**Exercise description**
Scan the records below for the line with "A collection of" and the line with "2.45ct Yellow Sapphire", and retype that range exactly, both ends included, pictures excepted.

[Task input — start]

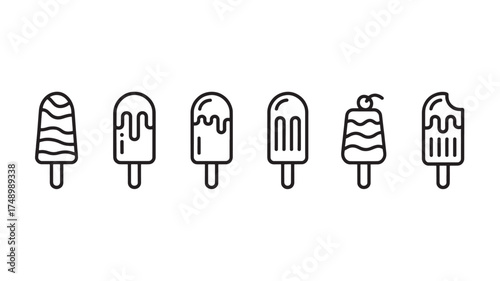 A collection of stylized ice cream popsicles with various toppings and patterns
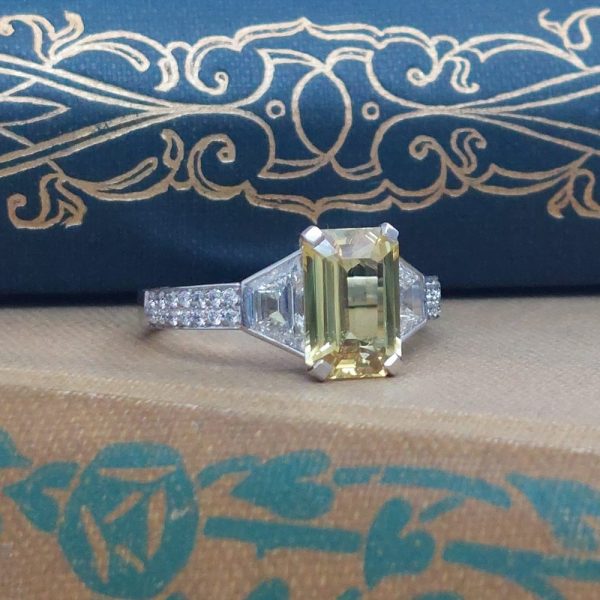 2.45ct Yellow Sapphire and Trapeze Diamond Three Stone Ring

[Task input — finish]
[Task input — start]

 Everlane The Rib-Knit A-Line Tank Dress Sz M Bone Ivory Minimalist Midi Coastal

[Task input — finish]
[Task input — start]

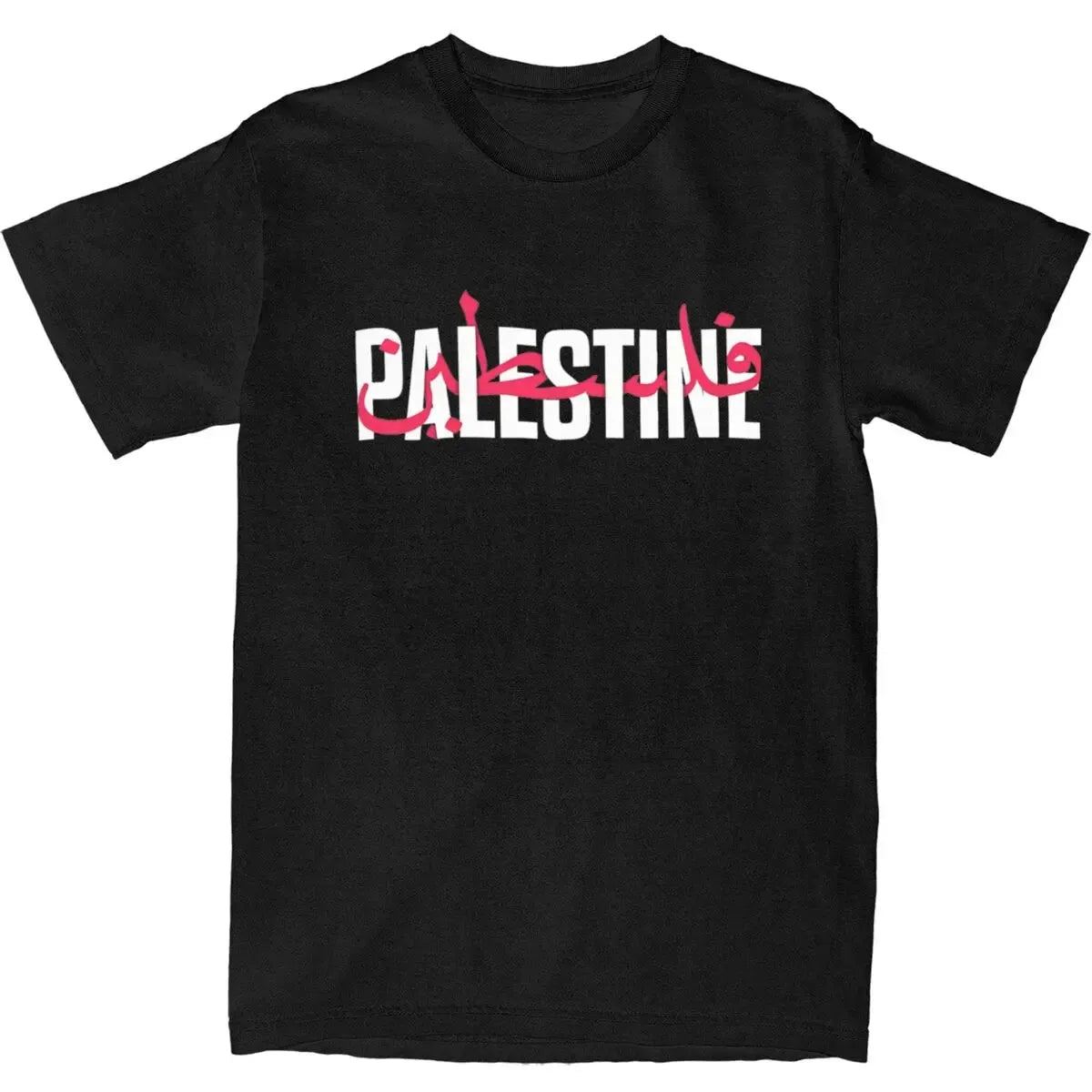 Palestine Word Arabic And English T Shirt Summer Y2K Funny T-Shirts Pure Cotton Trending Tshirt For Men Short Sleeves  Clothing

[Task input — finish]

**Expected answer**
 A collection of stylized ice cream popsicles with various toppings and patterns
 2.45ct Yellow Sapphire and Trapeze Diamond Three Stone Ring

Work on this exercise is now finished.